→ **Problem description**:
Pictures stay out. Extract the lines below from the first one through the line with "ユニクロ「FF35周年UT」", both included.

BEGIN Material for this exercise

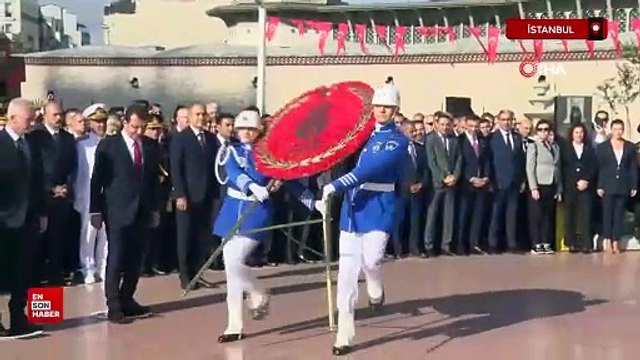 Büyük Zafer’in 102’incı yıl dönümünde Cumhuriyet Anıtı’na çelenk bırakıldı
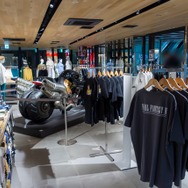 ユニクロ「FF35周年UT」コラボ、フォトレポート！限定の「コンプリートボックス」や『FF7R』でクラウドが乗ったバイク原寸展示まで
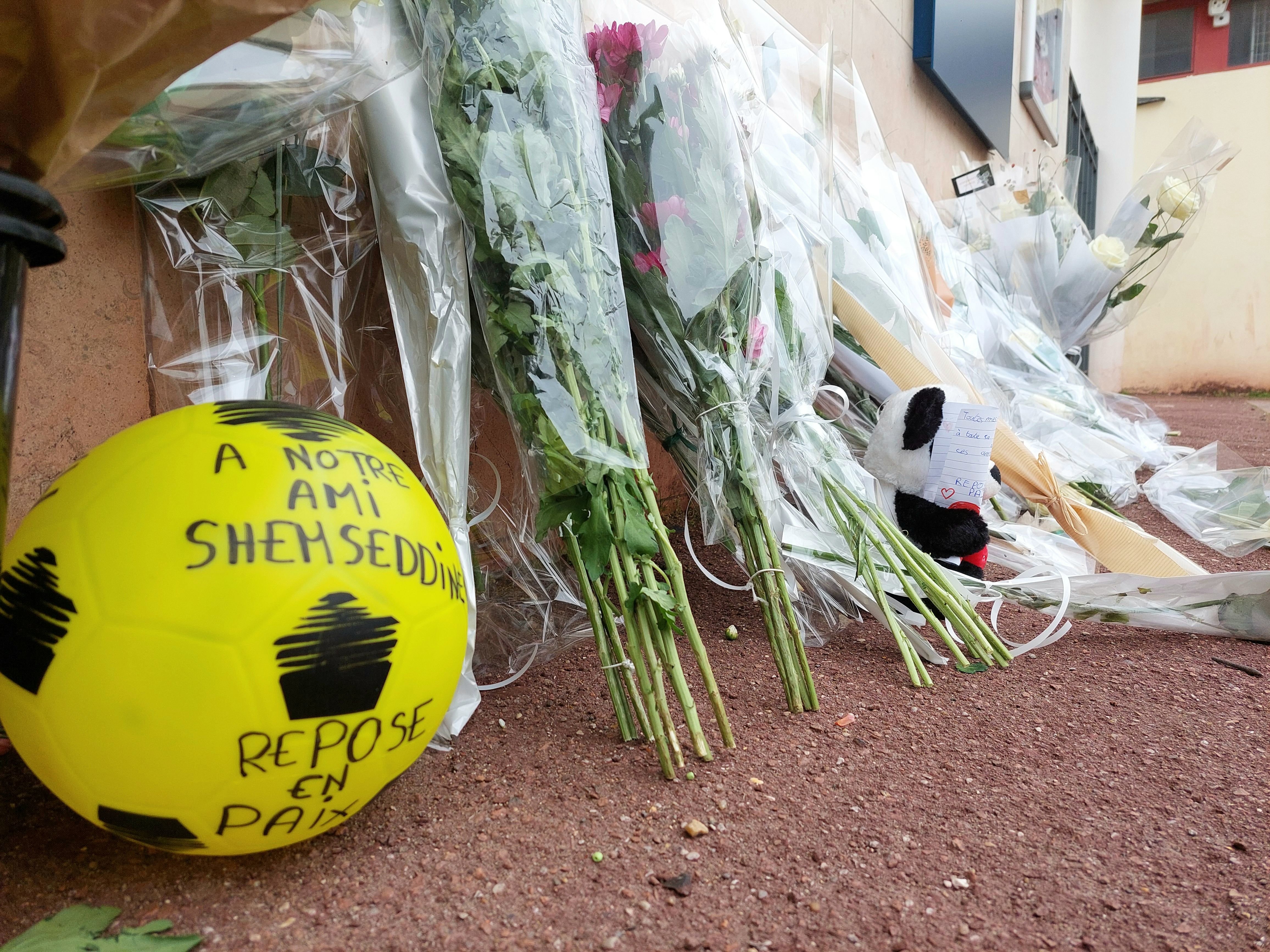 À Viry-Chatillon (Essonne), devant le collège des Sablons, ce samedi, des fleurs et divers objets ont été déposés en hommage à Shemseddine, 15 ans. LP/Florian Garcia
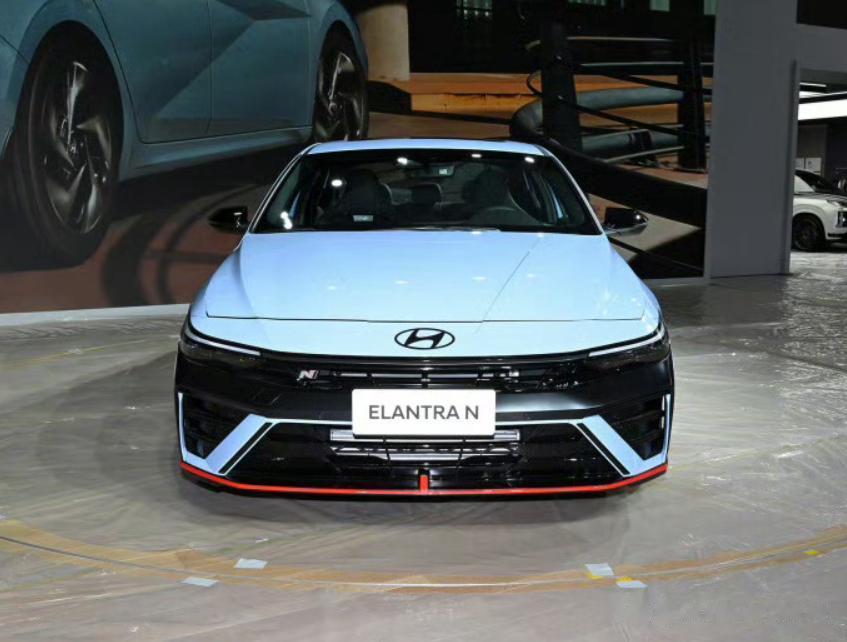 新款现代伊兰特N售价公布，真“杀疯”了！就在前几天的成都车展中，现代正式公布了旗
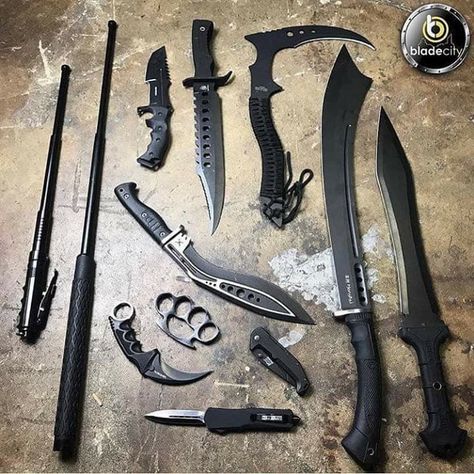 Knife Aesthetic, Tactical Swords, Pretty Knives, Apocalypse Survival, Cool Knives, Zombie Apocalypse, Post Apocalyptic, Survival Gear, Axes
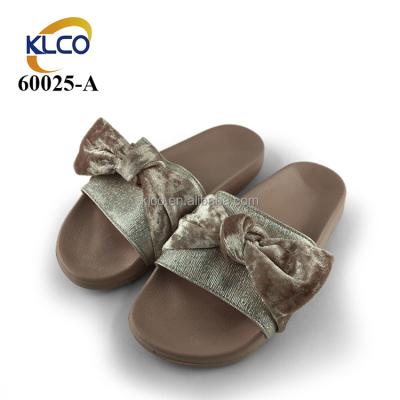 China Custom Women's Slippers Soft Summer Beach Sandals Shoes Breathable Sliders Shoes for sale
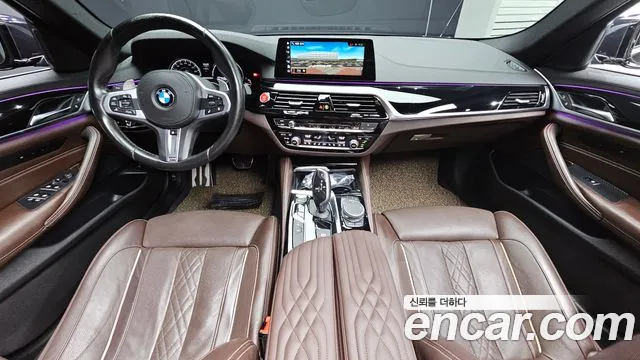 BMW 5 серии 2018 thumb 4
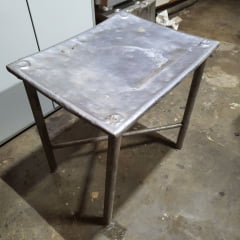 Mesa de Inox Pequena Usada – 60cm (C) x 47cm (L) x 60cm (A)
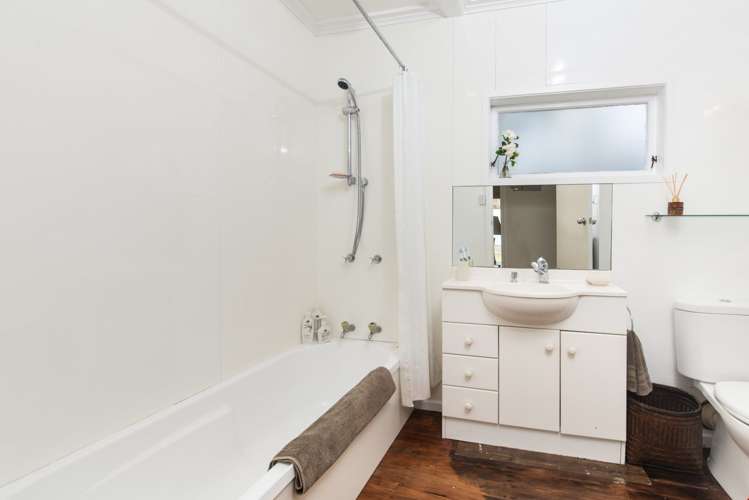 27 Kawakawa Bay Coast Road Kawakawa Bay_18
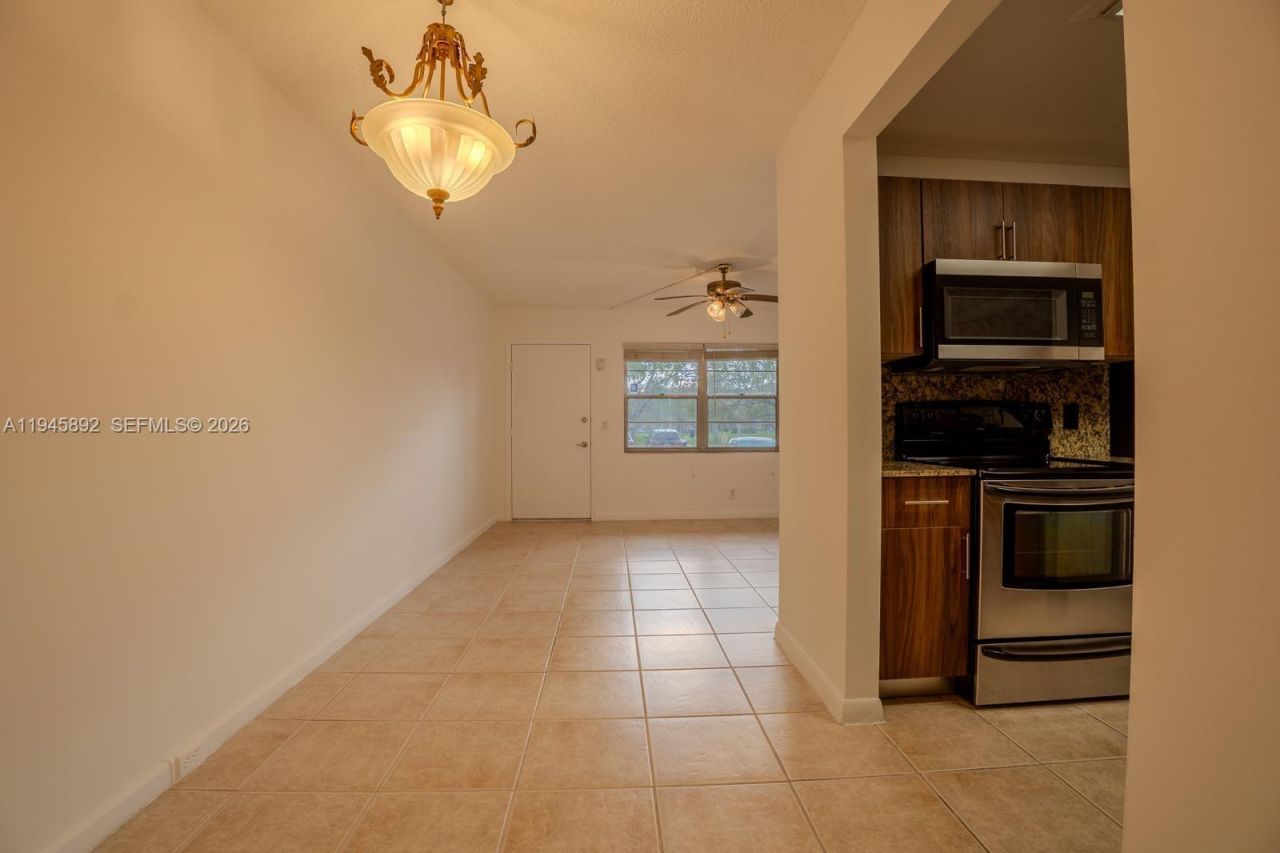 1551 SW 135th Ter, Unit 107G, Pembroke Pines, FL 33027 Photo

END Material for this exercise

→ **Solution to this task**:
 Büyük Zafer’in 102’incı yıl dönümünde Cumhuriyet Anıtı’na çelenk bırakıldı
 ユニクロ「FF35周年UT」コラボ、フォトレポート！限定の「コンプリートボックス」や『FF7R』でクラウドが乗ったバイク原寸展示まで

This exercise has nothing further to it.